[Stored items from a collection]
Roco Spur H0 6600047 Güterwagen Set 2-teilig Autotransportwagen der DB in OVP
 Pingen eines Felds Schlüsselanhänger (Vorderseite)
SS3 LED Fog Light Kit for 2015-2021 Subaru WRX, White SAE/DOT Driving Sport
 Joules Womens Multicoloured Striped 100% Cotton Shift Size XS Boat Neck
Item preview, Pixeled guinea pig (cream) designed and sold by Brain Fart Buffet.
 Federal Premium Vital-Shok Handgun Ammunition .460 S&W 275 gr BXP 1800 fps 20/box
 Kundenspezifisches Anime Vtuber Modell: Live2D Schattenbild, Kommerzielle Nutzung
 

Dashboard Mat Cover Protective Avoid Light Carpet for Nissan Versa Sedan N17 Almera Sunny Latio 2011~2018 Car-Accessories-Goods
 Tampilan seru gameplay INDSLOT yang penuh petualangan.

The task: Every line above that includes the string "Light" should be counted, and the answer should be that number only.

Answer to the problem: 2